Mes paysages : paysage urbain en Amérique du Sud Peindre le paysage réel, saisir son mariage avec l’humain, c’est, pour le peintre,définir une nouvelle distance, une transformation, une mise en évidence.
Quelquefois, en la matière, on croise des gestes magistraux. Un jour, dans une exposition d’un grand musée, c’était, je crois, à Londres ou à Berlin , un artiste, (qu’il m’excuse, mais je ne me rappelle pas son nom) présentait une vidéo, d’une émeute, d’une manifestation ou d’une scène de rue. Je me rappelle que c’était en Amérique du Sud. Dans cette vidéo, il avait conservé le son, mais l’image avait été transformée automatiquement en rayures verticales changeantes, selon les mouvements de la scène réelle, mouvements de la caméra, des personnages, des véhicules dans la rue… outre le résultat plastique réussi, ces rayures qui se transformaient, mariées avec la réalité du son, contenaient la scène. Mais y échappaient aussi et permettaient à l’humain d’y trouver une place neuve et étrangement lisible.
Ce jour là, j’ai pris toute une série de photos avec mon téléphone portable. Instantanées, dépouillées du mouvement et du son. Quelques mois après, je me suis mis à la peinture. Il fallait de la délicatesse pour aborder l’extrême légèreté de ces images. Et il fallait, une temporalité longue pour saisir le souvenir lointain de leur instantanéité.

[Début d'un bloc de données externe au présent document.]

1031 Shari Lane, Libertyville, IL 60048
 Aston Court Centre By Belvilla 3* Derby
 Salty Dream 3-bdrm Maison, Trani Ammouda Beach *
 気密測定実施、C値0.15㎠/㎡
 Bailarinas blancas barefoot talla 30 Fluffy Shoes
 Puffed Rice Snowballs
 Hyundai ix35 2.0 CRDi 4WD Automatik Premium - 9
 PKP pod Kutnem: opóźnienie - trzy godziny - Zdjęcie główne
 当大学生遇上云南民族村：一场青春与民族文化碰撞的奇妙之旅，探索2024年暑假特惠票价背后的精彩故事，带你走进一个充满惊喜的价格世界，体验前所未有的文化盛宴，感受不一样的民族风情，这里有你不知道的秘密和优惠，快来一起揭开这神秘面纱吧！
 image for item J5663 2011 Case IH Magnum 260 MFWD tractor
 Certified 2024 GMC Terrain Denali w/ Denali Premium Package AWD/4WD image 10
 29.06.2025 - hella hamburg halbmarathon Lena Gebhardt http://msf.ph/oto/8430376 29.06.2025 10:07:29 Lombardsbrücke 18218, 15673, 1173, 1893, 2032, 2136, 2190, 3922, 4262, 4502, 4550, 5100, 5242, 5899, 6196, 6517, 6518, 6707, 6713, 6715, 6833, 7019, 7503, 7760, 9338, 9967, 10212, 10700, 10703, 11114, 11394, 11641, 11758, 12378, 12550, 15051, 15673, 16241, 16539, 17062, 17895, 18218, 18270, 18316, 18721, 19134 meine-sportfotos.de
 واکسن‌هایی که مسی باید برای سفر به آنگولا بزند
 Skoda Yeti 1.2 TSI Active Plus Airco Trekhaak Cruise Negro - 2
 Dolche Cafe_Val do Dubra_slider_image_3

Alors, j’ai préparé des supports en carton, à la colle de peau et au blanc de lithopone pour donner la lumière. Des supports fragiles. J’ai dessiné les rayures, légèrement instabilisées dans leur parallélisme, dans leur courbure. puis je les ai peintes en superposition de nombreuses couches de couleurs fluides, fragiles, translucides.
Le paysage et son fracas humain a presque disparu, et pourtant, il est là. Comme un habitant de la transparence.